- **Records excerpted from a collection**:

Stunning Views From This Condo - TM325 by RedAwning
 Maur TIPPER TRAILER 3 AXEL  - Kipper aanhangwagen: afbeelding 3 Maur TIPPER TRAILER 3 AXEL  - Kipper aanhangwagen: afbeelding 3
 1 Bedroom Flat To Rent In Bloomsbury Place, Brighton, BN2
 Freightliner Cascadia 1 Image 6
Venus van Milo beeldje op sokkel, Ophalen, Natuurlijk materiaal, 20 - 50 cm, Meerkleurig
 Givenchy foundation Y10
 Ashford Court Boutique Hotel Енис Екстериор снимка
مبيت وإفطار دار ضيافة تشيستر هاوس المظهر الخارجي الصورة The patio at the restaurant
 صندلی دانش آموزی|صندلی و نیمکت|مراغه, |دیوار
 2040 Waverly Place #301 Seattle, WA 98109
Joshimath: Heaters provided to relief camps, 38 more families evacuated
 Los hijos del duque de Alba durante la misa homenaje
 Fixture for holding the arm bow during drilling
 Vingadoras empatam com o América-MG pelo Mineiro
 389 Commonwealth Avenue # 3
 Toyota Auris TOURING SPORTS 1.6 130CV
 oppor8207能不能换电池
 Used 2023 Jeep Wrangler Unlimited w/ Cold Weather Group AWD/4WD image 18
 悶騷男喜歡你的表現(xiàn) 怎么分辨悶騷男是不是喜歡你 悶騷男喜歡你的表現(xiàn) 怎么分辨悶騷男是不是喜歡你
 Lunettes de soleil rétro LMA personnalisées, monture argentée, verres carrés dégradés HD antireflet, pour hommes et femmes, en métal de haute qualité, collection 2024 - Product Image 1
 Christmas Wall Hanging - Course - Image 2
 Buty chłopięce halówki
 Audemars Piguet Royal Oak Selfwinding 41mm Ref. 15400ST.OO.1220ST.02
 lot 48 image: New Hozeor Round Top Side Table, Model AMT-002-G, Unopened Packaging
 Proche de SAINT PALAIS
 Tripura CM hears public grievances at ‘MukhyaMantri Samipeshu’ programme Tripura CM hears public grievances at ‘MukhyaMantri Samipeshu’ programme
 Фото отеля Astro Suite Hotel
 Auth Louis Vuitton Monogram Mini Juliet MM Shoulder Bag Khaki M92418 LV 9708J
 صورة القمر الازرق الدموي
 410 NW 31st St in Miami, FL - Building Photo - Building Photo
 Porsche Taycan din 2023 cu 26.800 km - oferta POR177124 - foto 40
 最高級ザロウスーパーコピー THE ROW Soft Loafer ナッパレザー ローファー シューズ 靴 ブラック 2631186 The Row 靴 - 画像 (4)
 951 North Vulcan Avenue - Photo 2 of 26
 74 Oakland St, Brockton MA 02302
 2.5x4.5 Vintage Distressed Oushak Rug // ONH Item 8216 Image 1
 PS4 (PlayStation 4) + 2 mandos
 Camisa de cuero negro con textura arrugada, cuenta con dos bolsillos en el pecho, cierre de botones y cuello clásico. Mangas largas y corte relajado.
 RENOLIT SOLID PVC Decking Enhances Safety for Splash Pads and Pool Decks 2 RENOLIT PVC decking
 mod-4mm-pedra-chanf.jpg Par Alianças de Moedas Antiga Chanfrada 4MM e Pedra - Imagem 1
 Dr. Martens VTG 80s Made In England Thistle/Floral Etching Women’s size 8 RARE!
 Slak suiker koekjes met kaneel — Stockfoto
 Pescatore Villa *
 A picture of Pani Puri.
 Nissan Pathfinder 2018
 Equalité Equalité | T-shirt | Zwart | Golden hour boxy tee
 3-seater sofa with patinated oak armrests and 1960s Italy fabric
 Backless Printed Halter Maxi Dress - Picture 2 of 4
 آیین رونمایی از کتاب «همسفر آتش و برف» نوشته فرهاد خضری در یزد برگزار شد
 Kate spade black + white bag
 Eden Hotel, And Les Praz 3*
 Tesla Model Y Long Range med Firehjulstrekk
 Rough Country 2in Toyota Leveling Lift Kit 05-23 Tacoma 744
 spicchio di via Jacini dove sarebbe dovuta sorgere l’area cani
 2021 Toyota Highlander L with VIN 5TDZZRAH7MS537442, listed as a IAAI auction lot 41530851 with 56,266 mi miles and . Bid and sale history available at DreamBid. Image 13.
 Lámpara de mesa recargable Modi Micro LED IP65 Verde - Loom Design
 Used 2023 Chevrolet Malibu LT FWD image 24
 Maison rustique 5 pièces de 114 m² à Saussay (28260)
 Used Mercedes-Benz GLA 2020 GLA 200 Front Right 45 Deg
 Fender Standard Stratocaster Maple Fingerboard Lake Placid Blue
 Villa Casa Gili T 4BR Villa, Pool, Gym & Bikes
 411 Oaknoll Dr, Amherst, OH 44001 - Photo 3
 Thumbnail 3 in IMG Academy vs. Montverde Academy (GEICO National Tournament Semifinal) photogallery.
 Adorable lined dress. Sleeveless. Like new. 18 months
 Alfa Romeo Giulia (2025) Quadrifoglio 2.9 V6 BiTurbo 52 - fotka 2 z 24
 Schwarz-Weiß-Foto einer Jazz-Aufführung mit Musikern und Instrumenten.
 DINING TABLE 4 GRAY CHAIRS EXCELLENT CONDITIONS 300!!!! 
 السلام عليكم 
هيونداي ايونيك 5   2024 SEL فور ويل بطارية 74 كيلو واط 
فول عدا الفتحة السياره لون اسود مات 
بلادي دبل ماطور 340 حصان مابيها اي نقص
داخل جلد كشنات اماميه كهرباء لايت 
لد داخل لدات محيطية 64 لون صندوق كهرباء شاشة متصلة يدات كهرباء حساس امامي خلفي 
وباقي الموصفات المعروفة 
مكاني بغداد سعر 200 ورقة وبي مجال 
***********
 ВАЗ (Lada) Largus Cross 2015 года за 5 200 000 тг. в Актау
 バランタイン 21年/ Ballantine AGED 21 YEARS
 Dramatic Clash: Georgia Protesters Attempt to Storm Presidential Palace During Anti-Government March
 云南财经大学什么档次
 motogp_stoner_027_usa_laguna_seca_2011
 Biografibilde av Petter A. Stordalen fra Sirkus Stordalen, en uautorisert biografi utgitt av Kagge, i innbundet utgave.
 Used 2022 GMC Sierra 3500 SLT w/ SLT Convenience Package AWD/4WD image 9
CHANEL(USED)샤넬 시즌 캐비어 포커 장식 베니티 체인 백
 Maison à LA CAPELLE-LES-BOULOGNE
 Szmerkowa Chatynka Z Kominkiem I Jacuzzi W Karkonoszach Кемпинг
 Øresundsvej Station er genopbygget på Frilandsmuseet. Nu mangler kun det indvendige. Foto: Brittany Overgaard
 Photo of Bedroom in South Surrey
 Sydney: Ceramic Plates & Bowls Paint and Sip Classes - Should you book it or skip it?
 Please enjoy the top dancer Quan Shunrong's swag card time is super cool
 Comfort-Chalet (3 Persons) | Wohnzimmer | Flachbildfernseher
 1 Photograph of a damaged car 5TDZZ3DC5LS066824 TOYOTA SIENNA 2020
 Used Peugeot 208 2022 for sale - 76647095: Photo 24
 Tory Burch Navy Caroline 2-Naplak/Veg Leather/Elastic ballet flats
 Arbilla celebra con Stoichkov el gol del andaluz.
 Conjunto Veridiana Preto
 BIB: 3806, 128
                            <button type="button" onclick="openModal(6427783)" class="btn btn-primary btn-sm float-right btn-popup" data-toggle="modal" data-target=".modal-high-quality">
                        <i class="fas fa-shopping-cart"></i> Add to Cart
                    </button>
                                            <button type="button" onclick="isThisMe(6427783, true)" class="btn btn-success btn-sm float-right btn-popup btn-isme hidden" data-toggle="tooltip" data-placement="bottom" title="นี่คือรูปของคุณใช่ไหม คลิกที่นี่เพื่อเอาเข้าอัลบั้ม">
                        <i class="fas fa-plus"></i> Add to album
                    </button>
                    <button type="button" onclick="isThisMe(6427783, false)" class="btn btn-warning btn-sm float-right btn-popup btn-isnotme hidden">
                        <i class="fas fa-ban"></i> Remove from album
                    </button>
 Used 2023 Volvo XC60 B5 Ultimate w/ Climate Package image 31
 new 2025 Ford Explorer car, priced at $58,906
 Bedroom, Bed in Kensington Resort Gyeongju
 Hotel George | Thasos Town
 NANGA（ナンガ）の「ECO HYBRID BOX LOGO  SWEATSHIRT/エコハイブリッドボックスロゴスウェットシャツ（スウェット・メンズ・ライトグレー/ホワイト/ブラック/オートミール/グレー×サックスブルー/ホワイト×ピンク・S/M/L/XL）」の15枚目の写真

- **Requirement**:
Please copy, exactly and with nothing else, the lines above beginning at the line that has "RENOLIT SOLID PVC" and ending with the line that has "Dr. Martens VTG".

- **Task result**:
 RENOLIT SOLID PVC Decking Enhances Safety for Splash Pads and Pool Decks 2 RENOLIT PVC decking
 mod-4mm-pedra-chanf.jpg Par Alianças de Moedas Antiga Chanfrada 4MM e Pedra - Imagem 1
 Dr. Martens VTG 80s Made In England Thistle/Floral Etching Women’s size 8 RARE!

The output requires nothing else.